DATA UNDER STUDY –

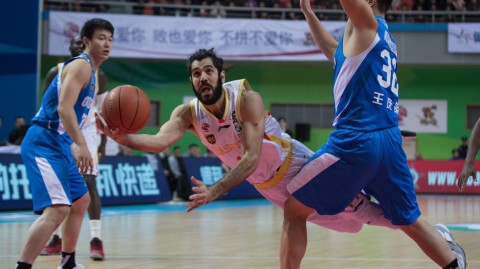 Cba激战第十七轮 青岛单外援逆袭同曦止连败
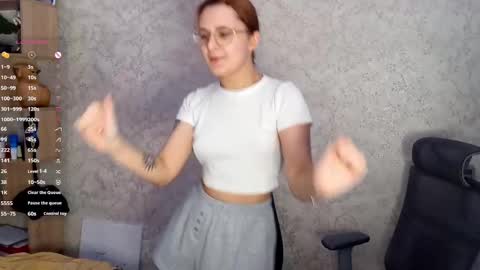 Snapshot of sonya_mikki chatting on 03.10.25 Sonya  online show from 03.10.25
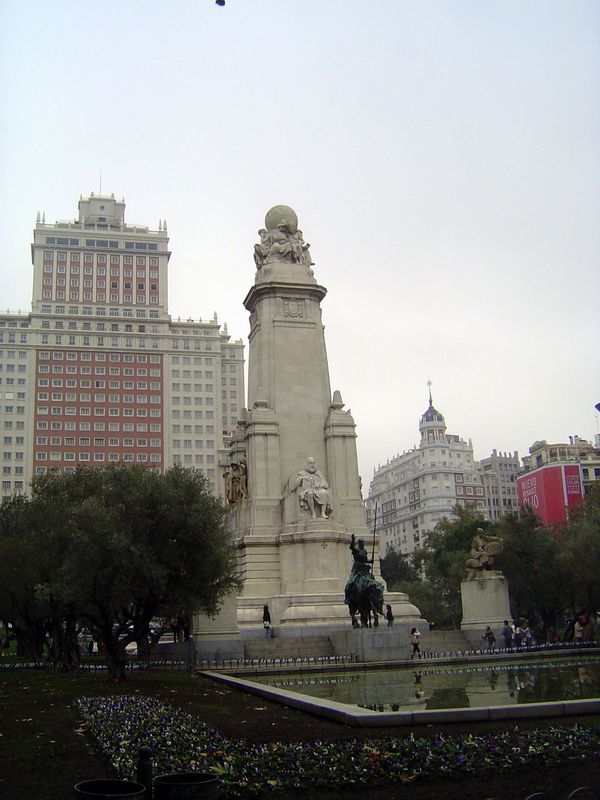 We've come to the Plaza de Espana, at 10 o'clock. It's a neighborhood of office and residential buildings from the 19th and 20th centuries, 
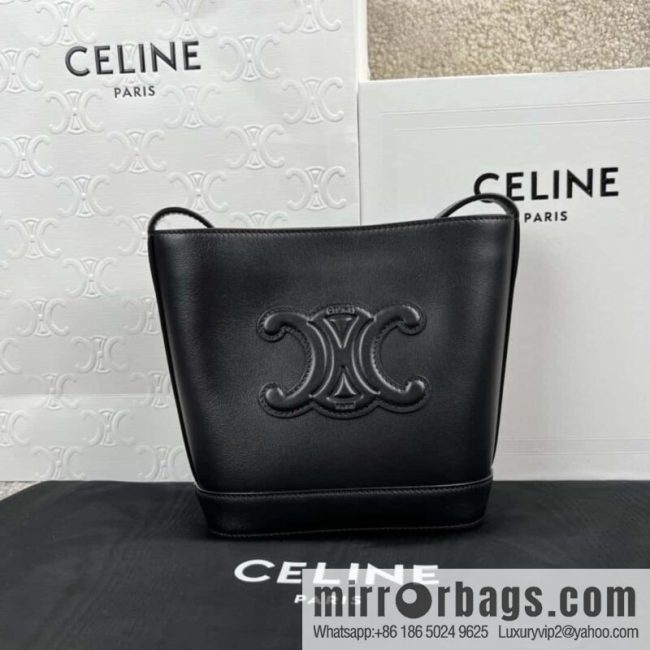 CELINE CUIR TRIOMPHE mini smooth leather bucket bag 10L433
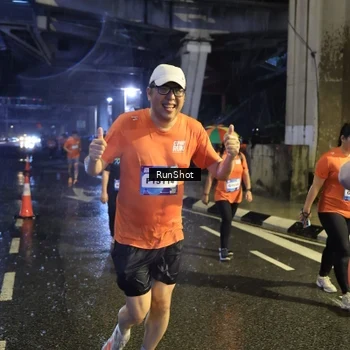 Runner Photo 7915249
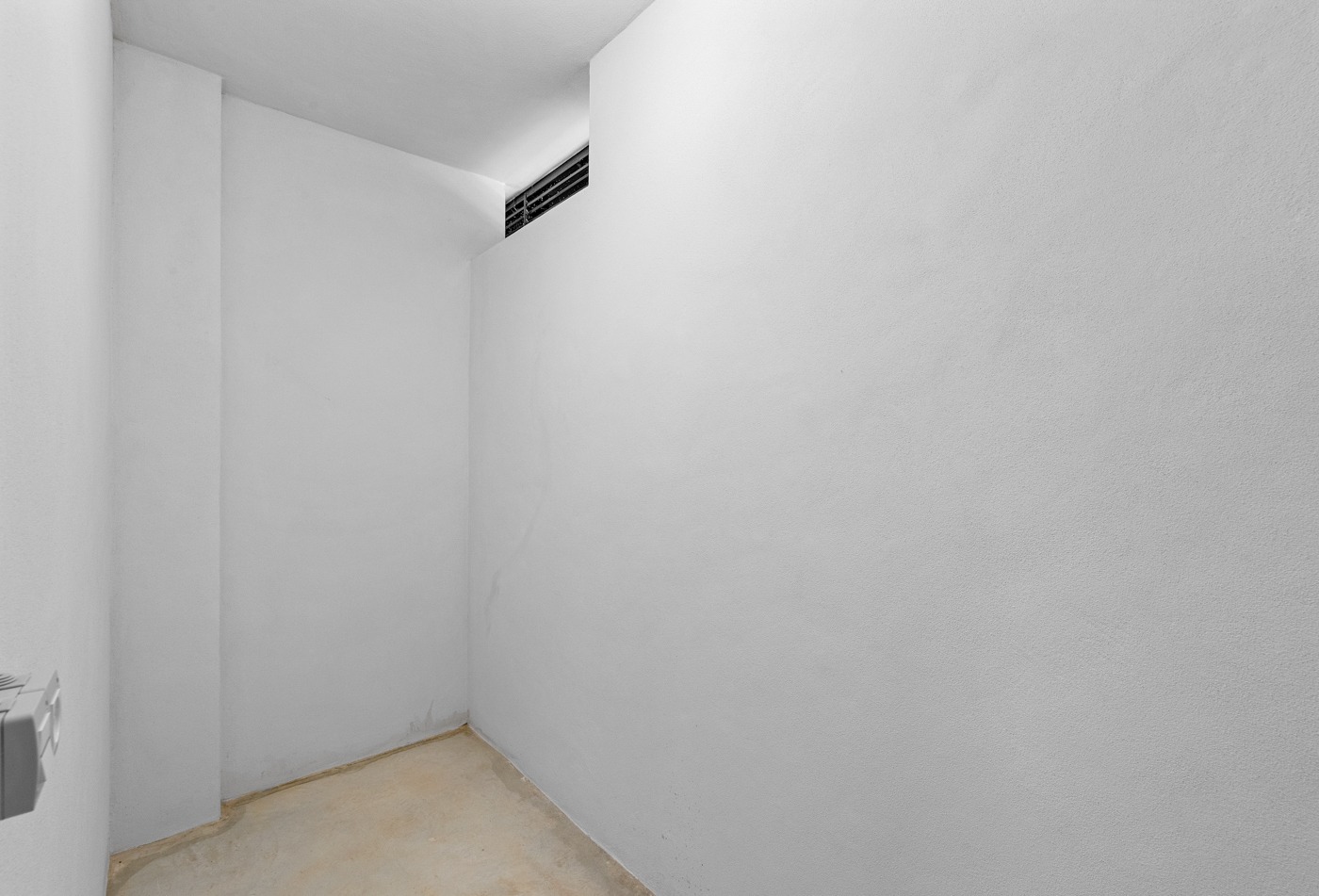 EXKLUZIVNĚ NOVÝ PENTHOUSE VE VILLAMARTINU S PRIVÁTNÍM SOLÁRIEM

EXERCISE GOAL – The lines above must be transcribed exactly, with every picture left out.

TASK SOLUTION –
 Cba激战第十七轮 青岛单外援逆袭同曦止连败
 Snapshot of sonya_mikki chatting on 03.10.25 Sonya  online show from 03.10.25
 We've come to the Plaza de Espana, at 10 o'clock. It's a neighborhood of office and residential buildings from the 19th and 20th centuries, 
 CELINE CUIR TRIOMPHE mini smooth leather bucket bag 10L433
 Runner Photo 7915249
 EXKLUZIVNĚ NOVÝ PENTHOUSE VE VILLAMARTINU S PRIVÁTNÍM SOLÁRIEM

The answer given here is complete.